With my retirement after 51 years of teaching (Princeton-8; IFA-43) just over the horizon, this document inevitably has a retrospective quality. It contains not what I am planning but what I have achieved. Without modesty, I believe I have made a mark in my field—Hispanic art—and in the wider world of art history. These contributions would only have been possible at the Institute of Fine Arts.
My decision to study the art of the Hispanic world was motivated by my junior year in Spain in 1958-59 (the first junior year abroad scheme offered at NYU). Spanish art at that time was a neglected area of study outside Spain. Spain was a military dictatorship which made it a pariah in the liberal democracies of Western Europe and the USA. Curiously, the cultural stagnation of the regime presented an ideal opportunity for new approaches to the Golden Age of Spanish art, which was deliberately closed to outside influences.
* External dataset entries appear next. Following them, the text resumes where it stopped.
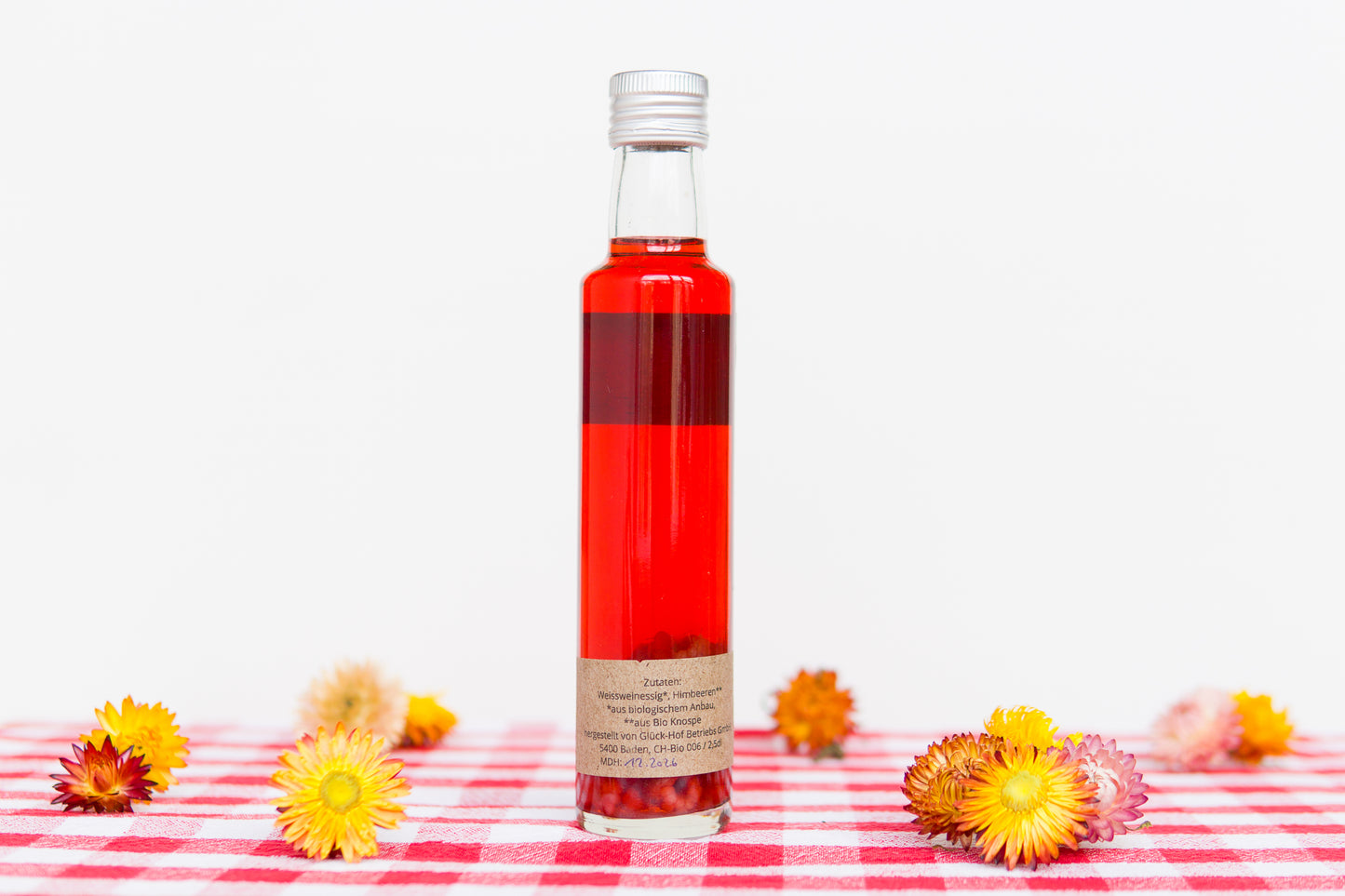 Bio Himbeer Essig, 250ml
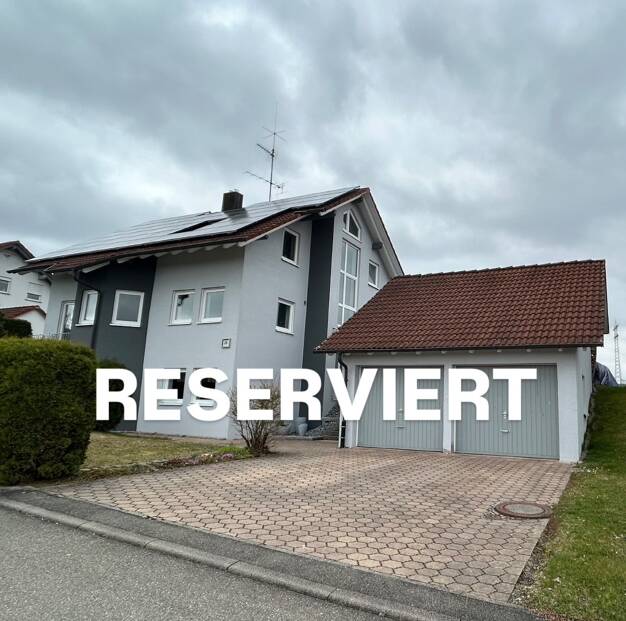 Einfamilienhaus zum Kauf 450.000 € 6 Zimmer 151 m² 853 m² Grundstück frei ab sofort Rohrdorf Meßkirch 88605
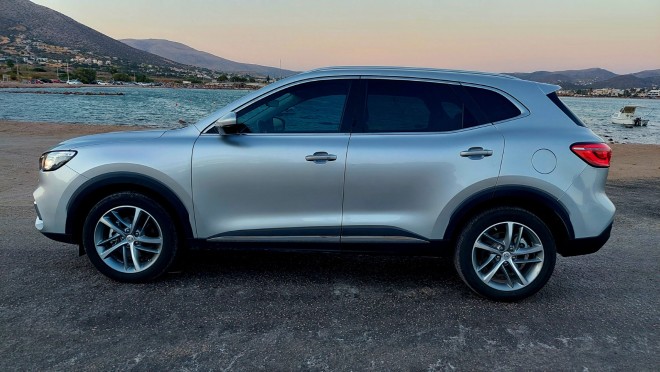 Δοκιμάζουμε το MG eHS Plug-in Hybrid-Σχεδίαση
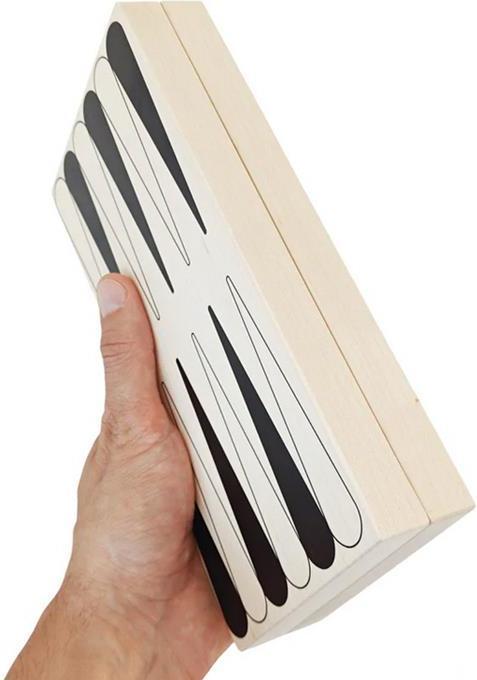 Produktbild Atelier Passage Reise-Backgammon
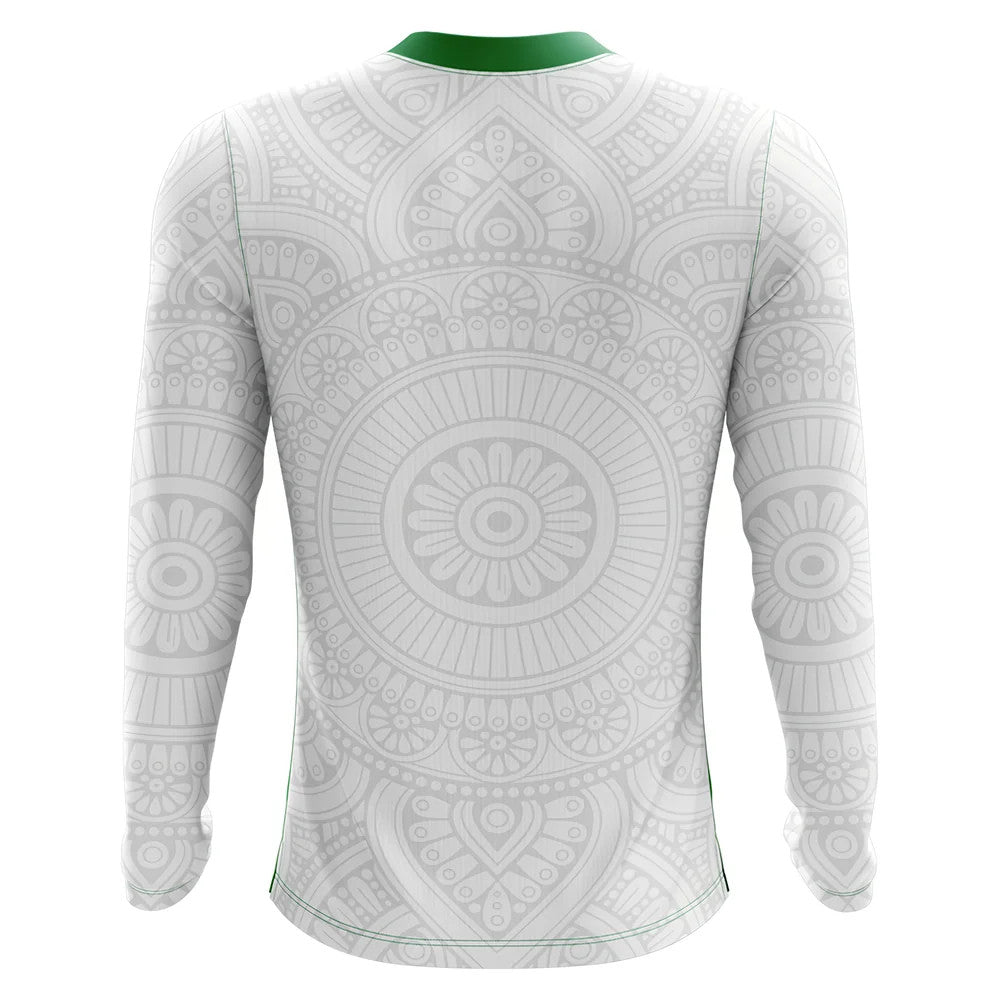 2025-2026 Iran Long Sleeve Home Concept Football Shirt_1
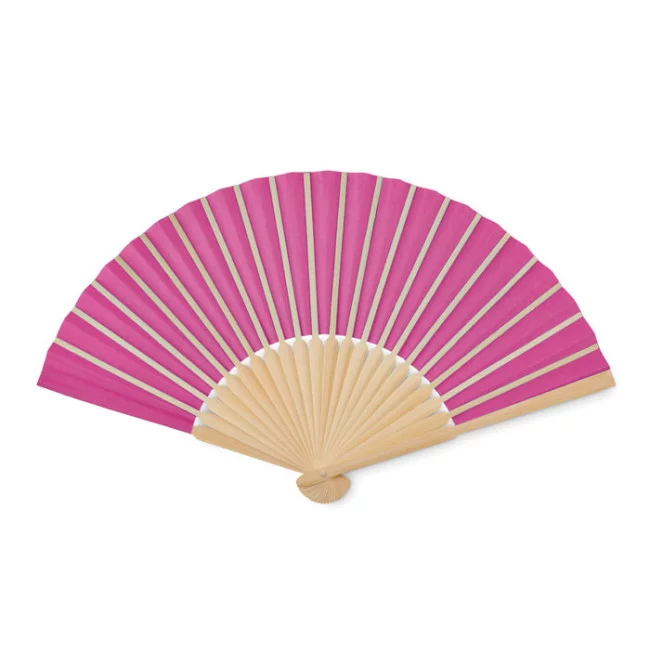 Eventail personnalisable fanny paper 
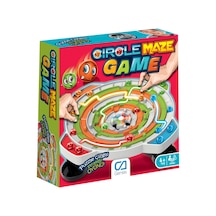 Ca Games Circle Maze Game - 3 Adet Tarı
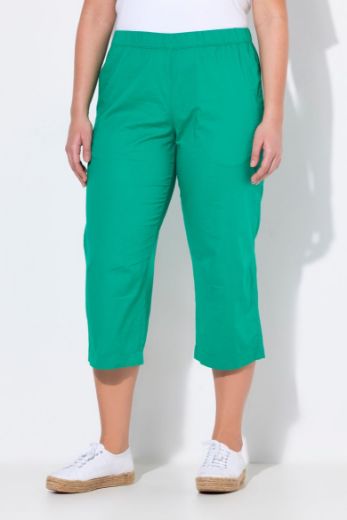 Plus size veliki brojevi Hlače Ruby 7/8 za punije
My graduate study at Princeton (1960-64), which was strongly influenced by the iconographical writings of Erwin Panofsky, provided me with tools to fashion a new approach to the field.
However, my initial publications were catalogues of drawings by Jusepe de Ribera and Bartolome Murillo (1973 and 1976, respectively). Having come from a family of collectors, I was instinctively attracted to the study of art objects, which have always played a big part in my scholarship.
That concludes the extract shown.